(Short descriptive text snippets)
▼

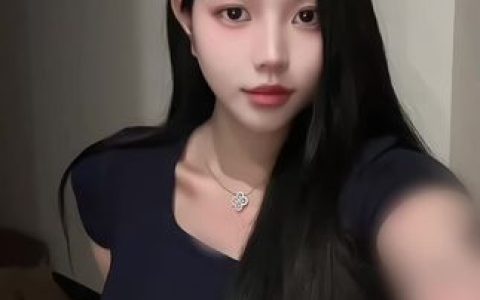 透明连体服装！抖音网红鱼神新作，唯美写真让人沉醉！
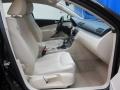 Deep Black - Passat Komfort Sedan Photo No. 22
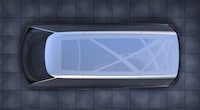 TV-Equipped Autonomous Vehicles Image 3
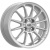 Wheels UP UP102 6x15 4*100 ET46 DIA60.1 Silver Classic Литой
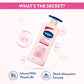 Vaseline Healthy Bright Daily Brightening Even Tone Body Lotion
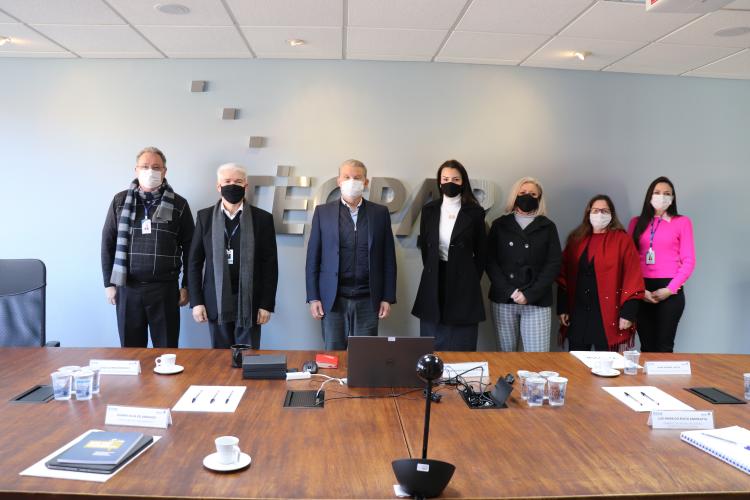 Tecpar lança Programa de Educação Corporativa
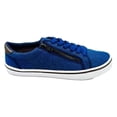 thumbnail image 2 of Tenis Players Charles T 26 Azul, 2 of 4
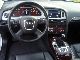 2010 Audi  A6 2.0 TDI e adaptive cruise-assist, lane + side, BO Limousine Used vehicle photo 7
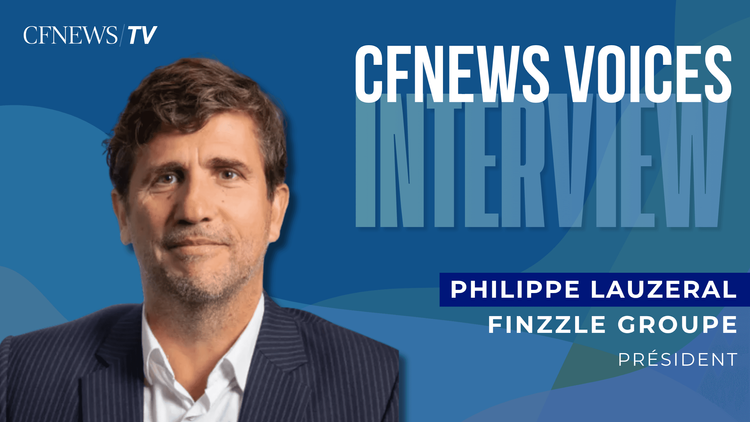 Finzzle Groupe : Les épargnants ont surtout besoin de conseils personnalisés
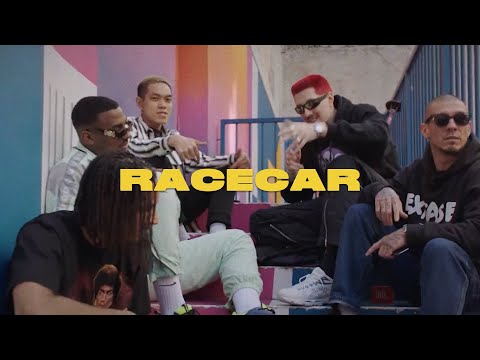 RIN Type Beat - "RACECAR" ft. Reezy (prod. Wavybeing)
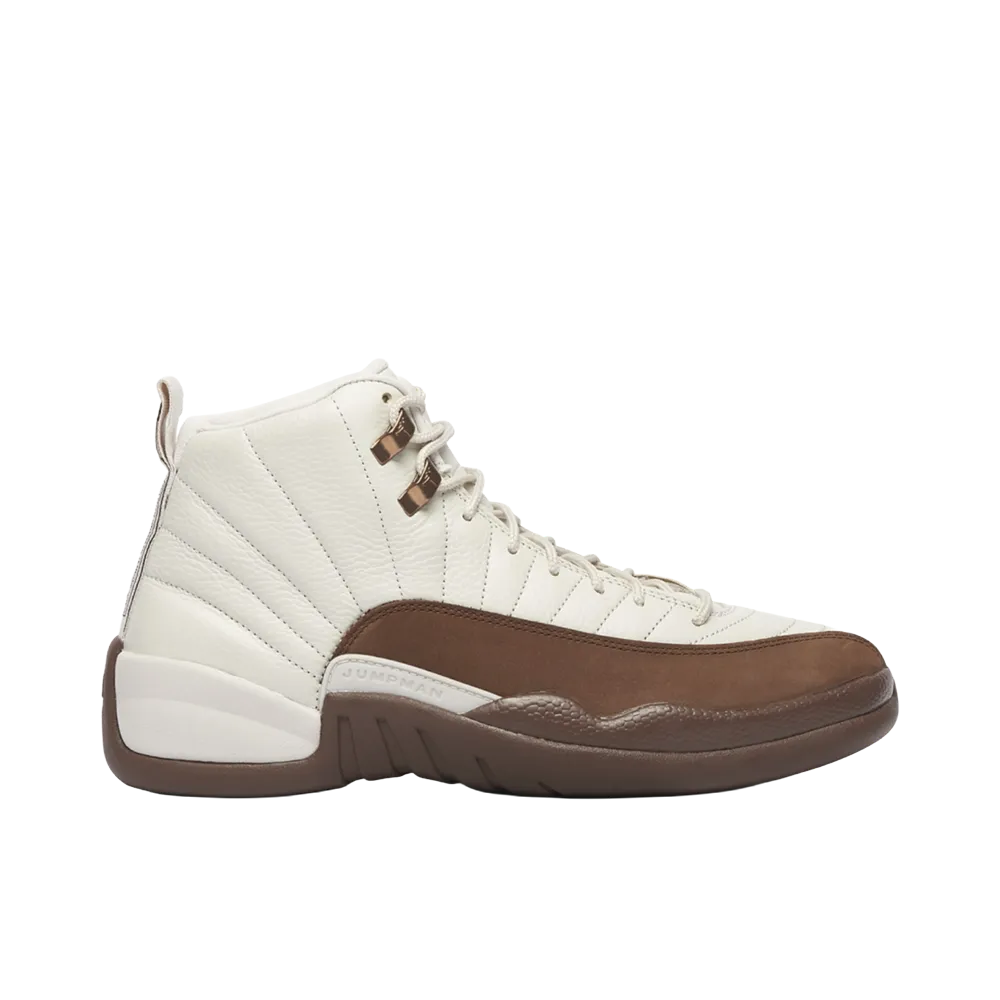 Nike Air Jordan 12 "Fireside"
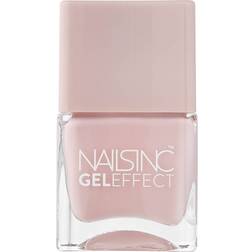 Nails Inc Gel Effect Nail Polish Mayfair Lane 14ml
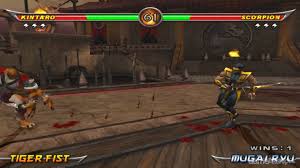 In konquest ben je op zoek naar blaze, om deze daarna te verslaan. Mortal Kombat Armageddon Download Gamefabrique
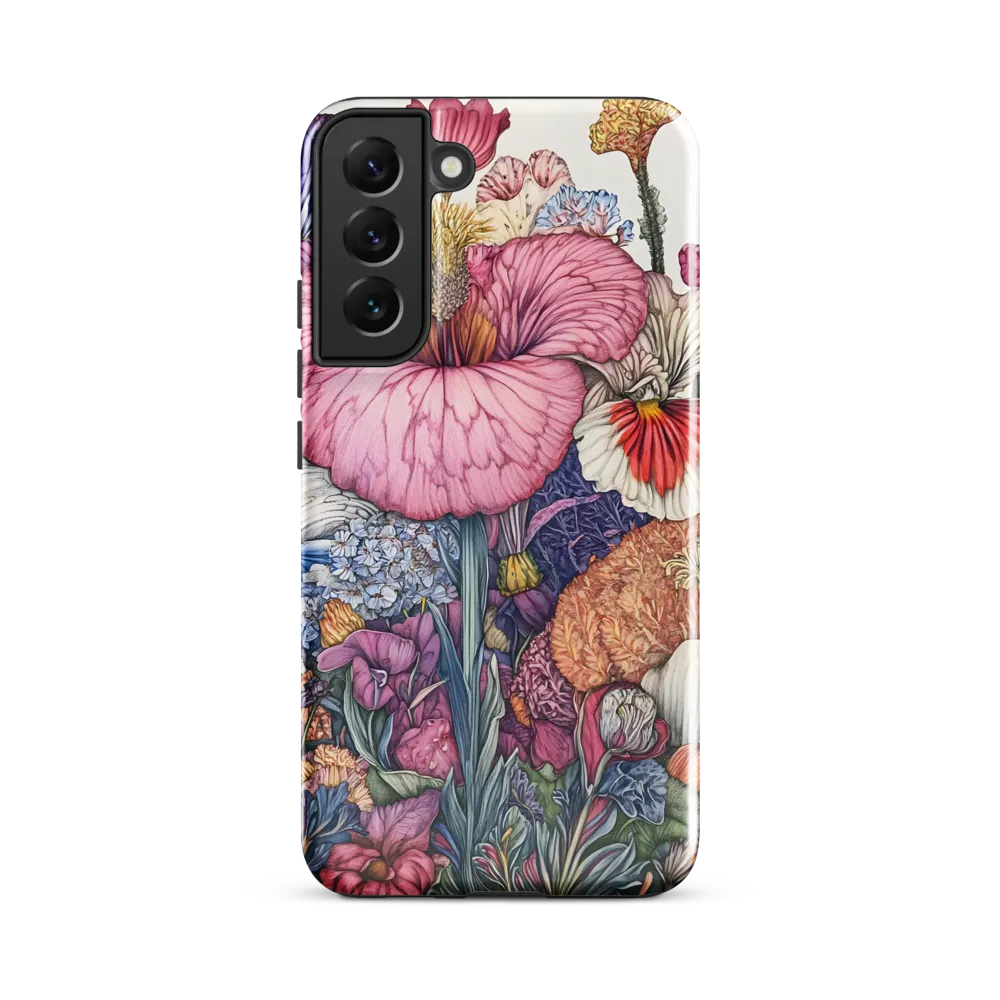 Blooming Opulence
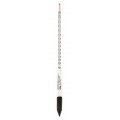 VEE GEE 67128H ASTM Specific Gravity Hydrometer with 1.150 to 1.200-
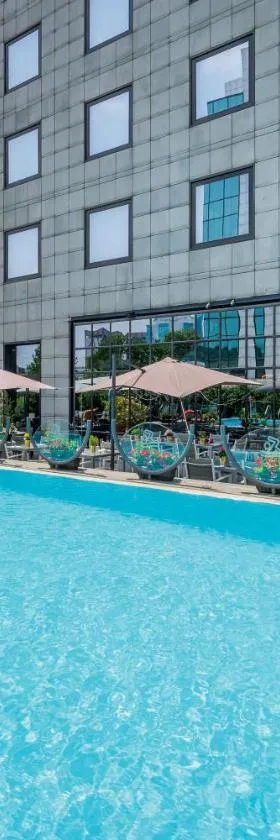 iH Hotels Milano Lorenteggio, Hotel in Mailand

▲
▼

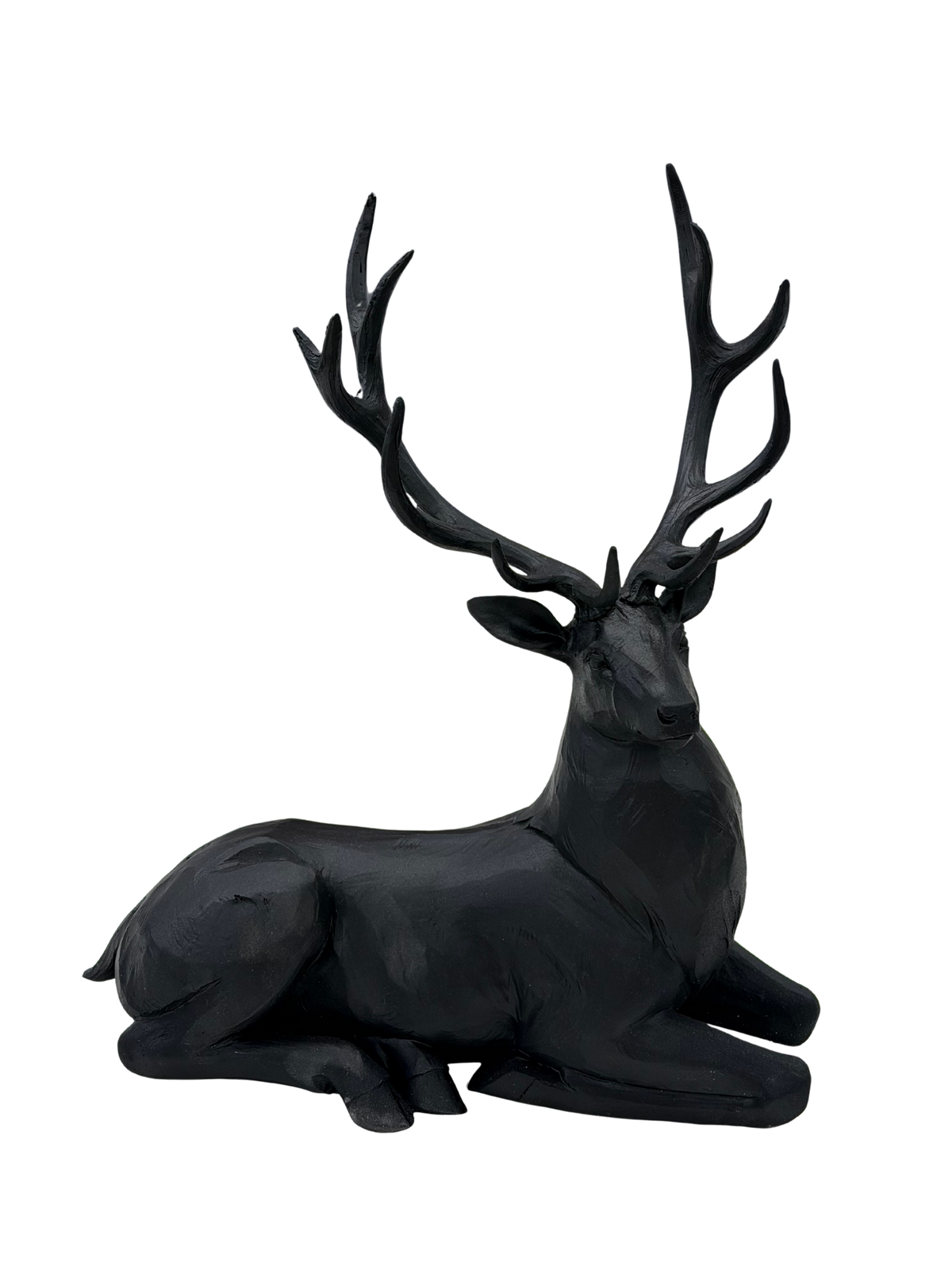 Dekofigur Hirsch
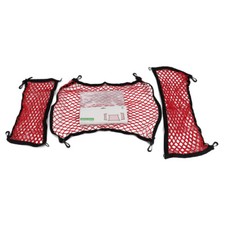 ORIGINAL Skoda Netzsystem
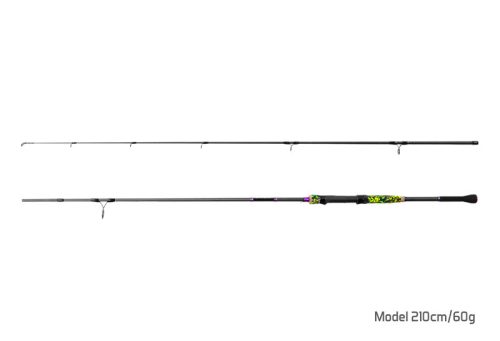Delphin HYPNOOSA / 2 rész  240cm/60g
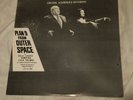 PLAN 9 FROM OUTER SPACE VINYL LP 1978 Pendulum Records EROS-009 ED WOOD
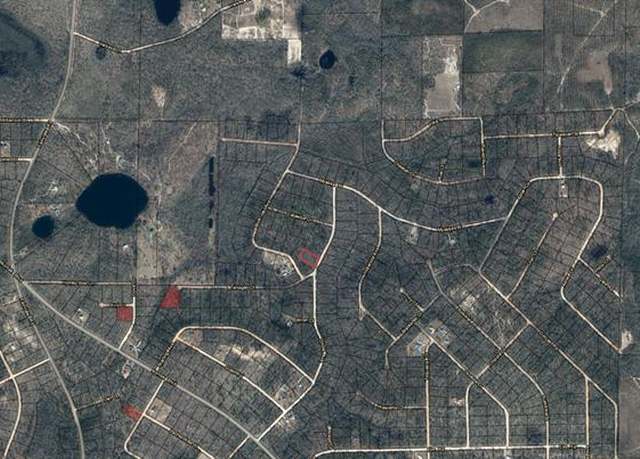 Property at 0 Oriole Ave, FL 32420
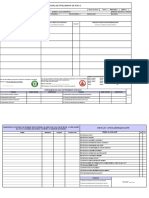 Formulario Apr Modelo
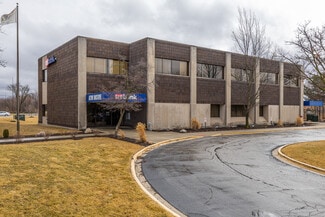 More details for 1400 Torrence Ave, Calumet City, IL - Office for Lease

▲

| YOUR OBJECTIVE |
Output should consist of the lines above from the one with "ORIGINAL Skoda Netzsystem" down to the one with "More details for", exact and without pictures.

| EXERCISE RESPONSE |
 ORIGINAL Skoda Netzsystem
Delphin HYPNOOSA / 2 rész  240cm/60g
 PLAN 9 FROM OUTER SPACE VINYL LP 1978 Pendulum Records EROS-009 ED WOOD
 Property at 0 Oriole Ave, FL 32420
 Formulario Apr Modelo
 More details for 1400 Torrence Ave, Calumet City, IL - Office for Lease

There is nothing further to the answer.